Au général Hugo.

[28 juin 1821.]

Mon cher papa,

Nous avons une nouvelle affreuse à t’annoncer. Aujourd’hui que tout est fini et que nous sommes plus calmes, je trouverai des expressions pour te l’apprendre. Tu sais bien que maman était malade depuis longtemps. Eh bien ! hier, à trois heures de l’après-midi, après trois années de souffrances, un mois de maladie et huit jours d’agonie, elle est morte. Elle a été enterrée aujourd’hui à six heures du soir.

Notre perte est immense, irréparable. Cependant, mon cher papa, tu nous restes et notre amour et notre respect pour toi ne peuvent que s’accroître de ce qu’il ne nous reste plus qu’un seul être auquel nous puissions reporter la tendresse que nous avions pour notre vertueuse mère. Dans cette profonde douleur, c’est une consolation pour nous de pouvoir te dire qu’aucun fiel, aucune amertume contre toi n’ont empoisonné les dernières années, les derniers moments de notre mère.

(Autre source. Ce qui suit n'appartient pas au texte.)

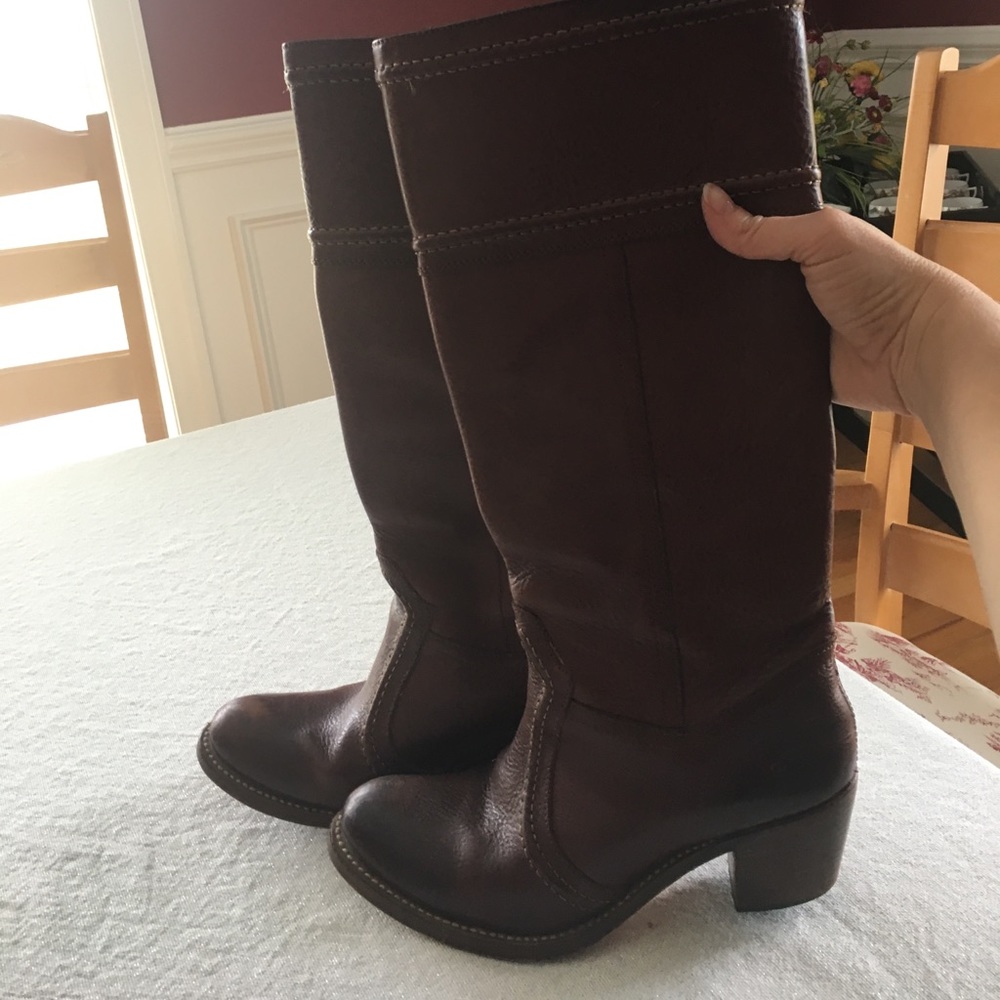 Frye chestnut colored heeled boots size 8 1/2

Aujourd’hui que tout disparaît devant cet horrible malheur, tu dois connaître son âme telle qu’elle était : elle n’a jamais parlé de toi avec colère et les sentiments profonds de respect et d’attachement que nous t’avons toujours portés, c’est elle qui les a gravés dans notre cœur. Voilà, mon cher papa, ce que cette noble mère a toujours été, même dans les plus cruels malheurs. Voilà ce qu’elle eût été encore au moment de la mort, si Dieu n’avait voulu lui en épargner les angoisses, en lui enlevant toute connaissance. Elle a expiré dans nos bras, plus heureuse que nous. Nous ne doutons pas, mon cher papa, que tu ne la pleures et la regrettes avec nous, pour nous et pour toi. Il ne nous appartient pas, il ne nous a jamais appartenu de mêler notre jugement dans les déplorables différends qui t’ont séparé d’elle, mais maintenant qu’il ne reste plus d’elle que sa mémoire pure et sans tache, tout le reste n’est-il pas effacé ?

Dans ces moments d’accablement, je ne voudrais te parler que de notre désespoir, mais il est de tristes détails auxquels il faut en venir.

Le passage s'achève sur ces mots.